Nizam Betel Nut, SAS Paper Banana Leaf,Poly Glassine Paper
 
KUALA LUMPUR, Malaysia—A shortage of banana leaves prompted the owner of Kanna Curry House in Malaysia to turn to paper versions, setting off a debate among restaurateurs and enthusiasts about what the leaves mean to Indian cuisine.

Muthu Kumar finds himself caught between his tradition-bound diners, who refuse to abandon banana leaves, which are used as plates, and an increasingly complex and expensive supply chain that sends machete-wielding workers deep into Malaysia's jungles in search of the coveted leaves.

"There is no point in insisting on keeping the tradition when I can't get fresh leaves," said the 25-year-old Mr. Kumar.

As Indian food has grown in popularity in Malaysia, banana leaves have become tougher for restaurant owners like Mr. Kumar to find. Kuala Lumpur and neighboring Selangor state have up to an estimated 700 banana-leaf restaurants, according to Shalini Shanmugam, the owner of four banana plantations. Fresh leaves can be hard to acquire because many banana plantations were cleared for housing.

The Consumers Association of Penang, a consumer-advocacy group, was so peeved with Mr. Kumar that it dragged the nation's health ministry in to rule whether paper banana leaves are sanitary. The health ministry found that there were no health hazards.

But for die-hards like R. Subramaniam, who is in his 70s, fake banana leaves just won't do.

"You either serve me food on a banana leaf or on a plate. For the price I will be charged for a banana leaf rice meal, I certainly will not eat out of paper," he said.

That viewpoint has resulted in Mr.
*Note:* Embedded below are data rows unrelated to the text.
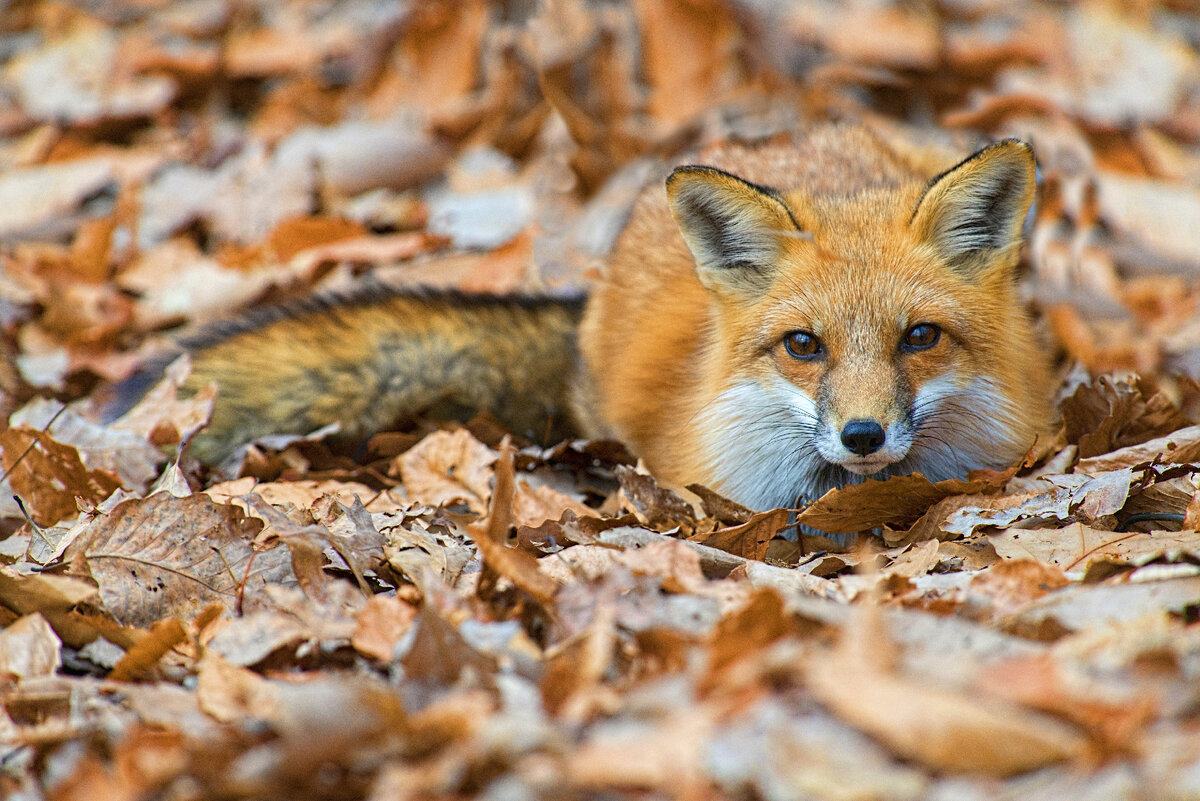 https://ru.freepik.com/free-photo/closeup-shot-of-a-cute-fox-lying-on-the-ground-with-fallen-autumn-leaves_13499671.htm#query=%D0%BB%D0%B8%D1%81%D0%B0&position=1&from_view=search&track=sph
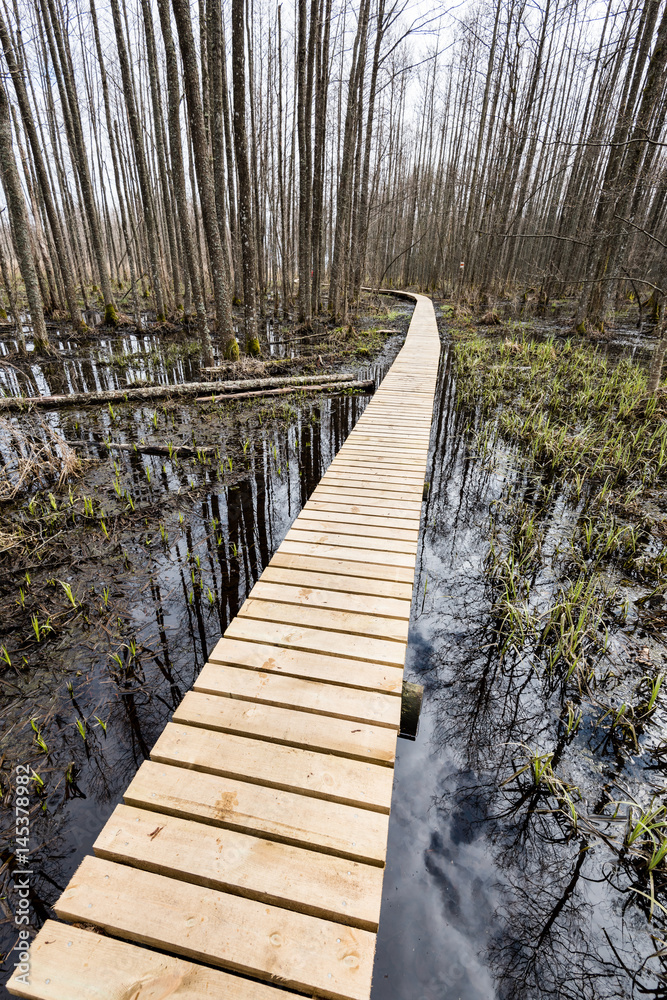 Obraz premium wooden footbridge in the bog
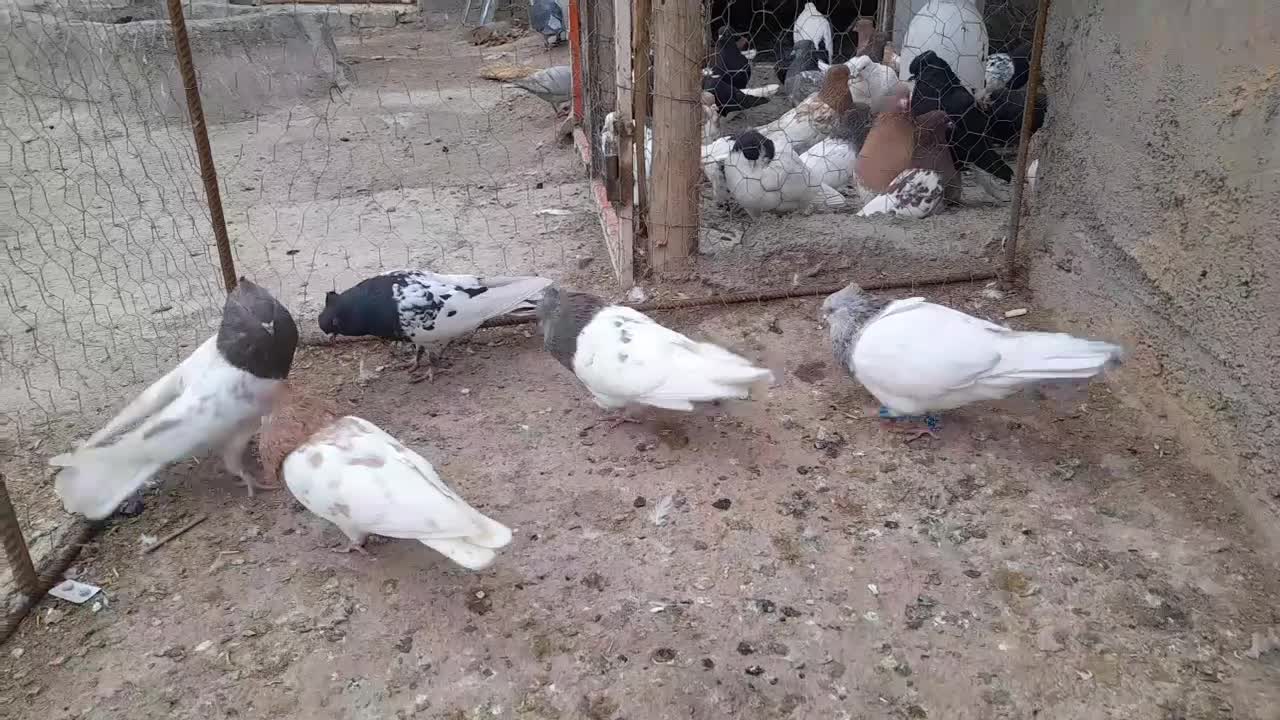 کبوتر|پرنده|آباده, |دیوار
Kumar losing what he estimates to be 5% of his customers over the past year. It also helps explain why his side business of selling paper leaves hasn't taken off. Only seven other Indian restaurants in Malaysia are buying his paper leaves.

The conflict stems from the unique role banana leaves play in Indian cooking. The leaves function as plates for rice with vegetables, curry and pickles. The leaves aren't eaten, but Indian-food purists insist they instill a distinct flavor and fragrance that is integral to the overall dish. One leaf generally can be made into three "plates."
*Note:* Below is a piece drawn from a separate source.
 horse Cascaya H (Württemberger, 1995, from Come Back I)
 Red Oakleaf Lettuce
Mr. Kumar's case also highlights a generational rift, with older Indian diners tending to demand real leaves. But younger diners, like Ravinder Singh, a 25-year-old insurance worker, are often more open to the switch.
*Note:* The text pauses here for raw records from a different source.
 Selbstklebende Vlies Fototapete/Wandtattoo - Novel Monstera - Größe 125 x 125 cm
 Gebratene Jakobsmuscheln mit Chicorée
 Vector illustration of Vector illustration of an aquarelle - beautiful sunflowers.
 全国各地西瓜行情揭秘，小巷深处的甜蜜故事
"It makes no difference if the food is eaten out of a banana leaf or paper leaf because the taste is in the food," said Mr. Ravinder, who is a customer of Mr. Kumar.

Mr. Kumar says he intends to stick with his paper leaves to supply his seven restaurants, which require a total of 5,000 leaves a day. His largest restaurant, which is in the state of Selangor, next to Kuala Lumpur, needs 800 leaves on weekdays and 1,100 leaves on weekends.

When he started to notice the shortage of fresh leaves last year, he said he rejected buying frozen Cambodia banana leaves out of concern over chemical additives. He said he then weighed buying leaves from banana orchards, but didn't feel he could depend on them.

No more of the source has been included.